What you will do: Reproduce the entries shown below only from the line with "18 Ruthellen Road, Hudson, MA Photo #11" down to the line with "Waterfront Apartment By", keeping both end lines and copying each one exactly.

START Data excerpts

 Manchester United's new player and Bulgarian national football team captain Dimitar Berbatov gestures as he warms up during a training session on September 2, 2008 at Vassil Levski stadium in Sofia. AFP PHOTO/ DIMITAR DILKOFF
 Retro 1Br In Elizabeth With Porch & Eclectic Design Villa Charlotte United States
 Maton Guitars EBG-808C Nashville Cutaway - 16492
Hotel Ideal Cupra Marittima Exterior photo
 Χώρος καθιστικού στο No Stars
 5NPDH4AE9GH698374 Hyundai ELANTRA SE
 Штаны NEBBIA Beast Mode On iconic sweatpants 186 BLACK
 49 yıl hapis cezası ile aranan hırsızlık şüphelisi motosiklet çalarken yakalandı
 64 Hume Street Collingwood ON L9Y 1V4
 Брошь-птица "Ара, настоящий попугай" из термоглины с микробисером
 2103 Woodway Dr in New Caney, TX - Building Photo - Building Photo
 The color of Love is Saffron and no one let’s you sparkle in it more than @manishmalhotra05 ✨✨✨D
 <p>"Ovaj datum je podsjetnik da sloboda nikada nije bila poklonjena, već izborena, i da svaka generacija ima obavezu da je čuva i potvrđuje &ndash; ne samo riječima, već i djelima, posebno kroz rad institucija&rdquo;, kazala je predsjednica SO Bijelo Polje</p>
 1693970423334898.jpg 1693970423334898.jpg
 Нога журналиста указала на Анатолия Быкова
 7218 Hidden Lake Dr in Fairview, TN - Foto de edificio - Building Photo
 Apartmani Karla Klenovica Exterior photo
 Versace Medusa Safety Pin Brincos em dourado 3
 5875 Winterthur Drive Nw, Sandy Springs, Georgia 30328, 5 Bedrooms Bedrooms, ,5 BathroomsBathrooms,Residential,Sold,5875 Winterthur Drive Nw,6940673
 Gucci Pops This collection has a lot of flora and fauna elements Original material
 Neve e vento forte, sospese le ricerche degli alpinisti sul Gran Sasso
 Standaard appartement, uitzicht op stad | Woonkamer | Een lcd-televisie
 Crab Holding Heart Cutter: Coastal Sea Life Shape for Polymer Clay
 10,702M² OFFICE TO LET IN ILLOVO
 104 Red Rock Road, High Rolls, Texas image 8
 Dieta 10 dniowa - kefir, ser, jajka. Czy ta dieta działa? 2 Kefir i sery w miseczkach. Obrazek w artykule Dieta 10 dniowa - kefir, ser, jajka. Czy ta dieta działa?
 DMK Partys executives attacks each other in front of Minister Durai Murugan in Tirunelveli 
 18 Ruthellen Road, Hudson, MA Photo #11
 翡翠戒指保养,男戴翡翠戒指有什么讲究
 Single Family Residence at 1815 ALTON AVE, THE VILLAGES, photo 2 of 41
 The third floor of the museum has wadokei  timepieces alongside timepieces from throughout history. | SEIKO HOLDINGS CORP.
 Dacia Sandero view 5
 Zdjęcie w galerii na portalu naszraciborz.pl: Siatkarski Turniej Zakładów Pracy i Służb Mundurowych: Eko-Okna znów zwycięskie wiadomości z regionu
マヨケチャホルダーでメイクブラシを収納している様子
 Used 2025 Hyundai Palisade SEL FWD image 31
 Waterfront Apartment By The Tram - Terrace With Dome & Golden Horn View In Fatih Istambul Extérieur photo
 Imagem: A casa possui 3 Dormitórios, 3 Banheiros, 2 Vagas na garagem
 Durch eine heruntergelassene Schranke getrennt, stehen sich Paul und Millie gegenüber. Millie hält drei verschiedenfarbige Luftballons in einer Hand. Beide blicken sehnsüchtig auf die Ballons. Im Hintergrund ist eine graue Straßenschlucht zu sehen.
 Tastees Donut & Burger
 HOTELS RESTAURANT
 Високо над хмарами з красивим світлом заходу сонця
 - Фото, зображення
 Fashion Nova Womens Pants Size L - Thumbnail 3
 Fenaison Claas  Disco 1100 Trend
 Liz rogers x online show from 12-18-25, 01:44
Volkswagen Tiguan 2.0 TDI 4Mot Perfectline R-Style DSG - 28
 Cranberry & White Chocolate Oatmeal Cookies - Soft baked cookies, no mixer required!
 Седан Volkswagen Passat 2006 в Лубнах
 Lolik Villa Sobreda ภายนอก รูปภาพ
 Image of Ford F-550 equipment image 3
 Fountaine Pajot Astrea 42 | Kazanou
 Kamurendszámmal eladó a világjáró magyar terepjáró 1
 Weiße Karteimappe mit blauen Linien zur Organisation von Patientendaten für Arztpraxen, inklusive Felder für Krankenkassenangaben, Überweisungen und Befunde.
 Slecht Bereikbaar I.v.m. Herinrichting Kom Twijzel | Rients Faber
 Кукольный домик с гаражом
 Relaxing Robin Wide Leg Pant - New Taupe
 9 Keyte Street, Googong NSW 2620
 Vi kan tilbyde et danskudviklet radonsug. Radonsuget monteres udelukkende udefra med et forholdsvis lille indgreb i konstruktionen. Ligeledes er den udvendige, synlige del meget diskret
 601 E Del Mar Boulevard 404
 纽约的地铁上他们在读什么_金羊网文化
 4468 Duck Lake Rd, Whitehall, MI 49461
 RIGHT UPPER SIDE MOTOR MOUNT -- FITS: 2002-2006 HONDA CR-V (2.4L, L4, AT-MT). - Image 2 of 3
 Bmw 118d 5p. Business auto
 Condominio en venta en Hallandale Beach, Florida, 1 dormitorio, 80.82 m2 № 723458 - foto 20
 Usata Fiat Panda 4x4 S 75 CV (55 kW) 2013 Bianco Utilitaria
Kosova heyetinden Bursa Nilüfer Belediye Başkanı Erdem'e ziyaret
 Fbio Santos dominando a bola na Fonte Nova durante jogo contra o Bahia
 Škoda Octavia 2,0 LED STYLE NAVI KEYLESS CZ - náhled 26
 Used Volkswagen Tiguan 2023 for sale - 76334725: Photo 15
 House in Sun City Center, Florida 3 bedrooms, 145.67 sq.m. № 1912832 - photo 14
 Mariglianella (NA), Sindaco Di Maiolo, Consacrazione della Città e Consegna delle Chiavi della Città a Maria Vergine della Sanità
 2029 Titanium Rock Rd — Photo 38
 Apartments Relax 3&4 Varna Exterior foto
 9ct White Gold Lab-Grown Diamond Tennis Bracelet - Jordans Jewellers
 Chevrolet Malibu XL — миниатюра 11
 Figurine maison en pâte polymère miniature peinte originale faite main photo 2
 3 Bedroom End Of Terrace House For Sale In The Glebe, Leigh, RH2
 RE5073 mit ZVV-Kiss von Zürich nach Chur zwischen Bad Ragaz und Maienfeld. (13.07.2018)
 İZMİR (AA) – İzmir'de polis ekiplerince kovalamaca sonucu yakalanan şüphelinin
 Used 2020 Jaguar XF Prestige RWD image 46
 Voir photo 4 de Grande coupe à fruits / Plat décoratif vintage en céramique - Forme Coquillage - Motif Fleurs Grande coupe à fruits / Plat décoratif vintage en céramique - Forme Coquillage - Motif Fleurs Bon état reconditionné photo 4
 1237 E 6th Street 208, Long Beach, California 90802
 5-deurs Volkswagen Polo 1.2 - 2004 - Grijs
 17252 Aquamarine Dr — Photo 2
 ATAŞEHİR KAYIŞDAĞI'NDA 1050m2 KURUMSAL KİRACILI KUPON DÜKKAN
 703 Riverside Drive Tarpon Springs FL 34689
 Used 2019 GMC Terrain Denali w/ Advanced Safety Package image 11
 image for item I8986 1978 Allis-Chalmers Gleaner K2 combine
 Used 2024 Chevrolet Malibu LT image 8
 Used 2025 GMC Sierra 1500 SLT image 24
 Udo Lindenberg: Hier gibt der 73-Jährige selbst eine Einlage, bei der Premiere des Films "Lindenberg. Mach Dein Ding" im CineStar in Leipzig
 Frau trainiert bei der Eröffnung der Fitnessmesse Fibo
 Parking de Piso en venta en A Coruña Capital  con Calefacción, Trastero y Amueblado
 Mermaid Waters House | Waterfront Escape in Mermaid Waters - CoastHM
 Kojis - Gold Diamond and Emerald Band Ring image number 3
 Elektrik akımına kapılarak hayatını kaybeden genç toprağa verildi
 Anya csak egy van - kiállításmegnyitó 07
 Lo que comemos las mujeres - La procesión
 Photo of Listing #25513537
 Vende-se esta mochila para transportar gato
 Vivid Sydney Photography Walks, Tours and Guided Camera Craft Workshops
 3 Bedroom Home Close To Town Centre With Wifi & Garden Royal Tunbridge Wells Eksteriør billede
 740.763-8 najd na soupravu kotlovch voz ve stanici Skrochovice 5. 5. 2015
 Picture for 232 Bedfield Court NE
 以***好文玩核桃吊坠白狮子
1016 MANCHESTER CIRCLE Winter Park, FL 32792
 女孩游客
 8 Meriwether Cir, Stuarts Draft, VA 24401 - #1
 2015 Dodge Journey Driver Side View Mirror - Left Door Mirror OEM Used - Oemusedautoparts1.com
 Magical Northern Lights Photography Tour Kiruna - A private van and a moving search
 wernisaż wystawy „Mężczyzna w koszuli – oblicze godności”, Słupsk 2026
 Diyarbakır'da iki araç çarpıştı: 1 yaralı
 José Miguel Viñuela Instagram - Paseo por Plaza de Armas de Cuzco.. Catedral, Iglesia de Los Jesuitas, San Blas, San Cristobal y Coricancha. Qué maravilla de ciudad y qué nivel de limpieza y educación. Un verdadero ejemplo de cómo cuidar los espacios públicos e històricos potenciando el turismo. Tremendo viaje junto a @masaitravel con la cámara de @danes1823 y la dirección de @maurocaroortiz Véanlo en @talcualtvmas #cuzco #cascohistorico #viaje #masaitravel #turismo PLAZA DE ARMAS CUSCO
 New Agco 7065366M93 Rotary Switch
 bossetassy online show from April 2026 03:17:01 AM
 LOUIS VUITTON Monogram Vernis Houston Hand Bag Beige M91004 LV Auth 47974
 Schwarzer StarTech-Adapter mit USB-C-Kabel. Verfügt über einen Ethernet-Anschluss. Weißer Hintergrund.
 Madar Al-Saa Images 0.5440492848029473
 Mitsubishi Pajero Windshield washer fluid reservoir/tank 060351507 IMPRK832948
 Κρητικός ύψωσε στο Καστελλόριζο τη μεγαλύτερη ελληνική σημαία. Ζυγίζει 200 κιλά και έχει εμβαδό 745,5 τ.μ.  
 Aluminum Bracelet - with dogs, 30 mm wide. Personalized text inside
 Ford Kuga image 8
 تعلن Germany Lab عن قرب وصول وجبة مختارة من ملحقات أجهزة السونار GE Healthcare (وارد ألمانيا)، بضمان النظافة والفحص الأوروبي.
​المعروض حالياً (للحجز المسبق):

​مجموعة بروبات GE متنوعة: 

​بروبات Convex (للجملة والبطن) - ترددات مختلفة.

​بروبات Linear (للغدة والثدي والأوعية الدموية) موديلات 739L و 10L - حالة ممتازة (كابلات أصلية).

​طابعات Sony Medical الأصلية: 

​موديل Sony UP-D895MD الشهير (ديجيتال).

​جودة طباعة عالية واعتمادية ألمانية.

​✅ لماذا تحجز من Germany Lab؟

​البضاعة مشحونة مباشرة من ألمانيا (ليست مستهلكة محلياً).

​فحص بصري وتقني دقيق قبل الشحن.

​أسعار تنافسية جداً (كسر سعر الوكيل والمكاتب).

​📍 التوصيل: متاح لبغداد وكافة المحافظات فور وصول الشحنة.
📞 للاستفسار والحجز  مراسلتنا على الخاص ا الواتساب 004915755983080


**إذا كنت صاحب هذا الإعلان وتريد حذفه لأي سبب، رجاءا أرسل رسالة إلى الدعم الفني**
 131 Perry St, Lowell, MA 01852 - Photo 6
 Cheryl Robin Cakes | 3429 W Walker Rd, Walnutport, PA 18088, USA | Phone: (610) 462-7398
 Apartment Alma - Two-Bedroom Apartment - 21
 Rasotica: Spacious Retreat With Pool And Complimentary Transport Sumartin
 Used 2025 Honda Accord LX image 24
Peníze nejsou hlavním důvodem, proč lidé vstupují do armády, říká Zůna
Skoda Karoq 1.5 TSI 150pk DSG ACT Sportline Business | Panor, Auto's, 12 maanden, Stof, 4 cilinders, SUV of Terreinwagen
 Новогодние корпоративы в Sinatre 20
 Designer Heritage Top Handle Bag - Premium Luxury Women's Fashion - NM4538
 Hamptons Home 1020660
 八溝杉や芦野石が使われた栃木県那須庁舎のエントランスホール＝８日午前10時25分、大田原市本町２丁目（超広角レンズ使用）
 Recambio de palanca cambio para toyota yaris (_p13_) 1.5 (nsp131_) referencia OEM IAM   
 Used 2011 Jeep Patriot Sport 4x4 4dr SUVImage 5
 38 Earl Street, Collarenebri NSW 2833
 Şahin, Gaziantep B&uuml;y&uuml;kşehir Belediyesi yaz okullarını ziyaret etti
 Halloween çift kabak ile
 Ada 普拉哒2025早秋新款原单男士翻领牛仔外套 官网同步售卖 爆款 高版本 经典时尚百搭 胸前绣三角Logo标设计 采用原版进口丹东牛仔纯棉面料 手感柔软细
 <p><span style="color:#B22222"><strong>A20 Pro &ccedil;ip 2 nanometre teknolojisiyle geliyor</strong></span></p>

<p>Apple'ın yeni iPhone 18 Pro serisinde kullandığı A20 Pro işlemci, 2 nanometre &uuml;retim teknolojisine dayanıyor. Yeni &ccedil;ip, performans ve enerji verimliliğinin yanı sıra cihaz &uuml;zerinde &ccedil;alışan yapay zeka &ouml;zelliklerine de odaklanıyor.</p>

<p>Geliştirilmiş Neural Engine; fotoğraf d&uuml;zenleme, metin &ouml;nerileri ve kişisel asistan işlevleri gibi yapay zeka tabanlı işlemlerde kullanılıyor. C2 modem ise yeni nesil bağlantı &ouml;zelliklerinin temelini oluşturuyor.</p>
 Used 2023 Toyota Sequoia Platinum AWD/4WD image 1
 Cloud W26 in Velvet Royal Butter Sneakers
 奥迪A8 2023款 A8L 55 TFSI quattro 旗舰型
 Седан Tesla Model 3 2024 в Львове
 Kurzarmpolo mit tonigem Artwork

END Data excerpts

Answer section:
 18 Ruthellen Road, Hudson, MA Photo #11
 翡翠戒指保养,男戴翡翠戒指有什么讲究
 Single Family Residence at 1815 ALTON AVE, THE VILLAGES, photo 2 of 41
 The third floor of the museum has wadokei  timepieces alongside timepieces from throughout history. | SEIKO HOLDINGS CORP.
 Dacia Sandero view 5
 Zdjęcie w galerii na portalu naszraciborz.pl: Siatkarski Turniej Zakładów Pracy i Służb Mundurowych: Eko-Okna znów zwycięskie wiadomości z regionu
マヨケチャホルダーでメイクブラシを収納している様子
 Used 2025 Hyundai Palisade SEL FWD image 31
 Waterfront Apartment By The Tram - Terrace With Dome & Golden Horn View In Fatih Istambul Extérieur photo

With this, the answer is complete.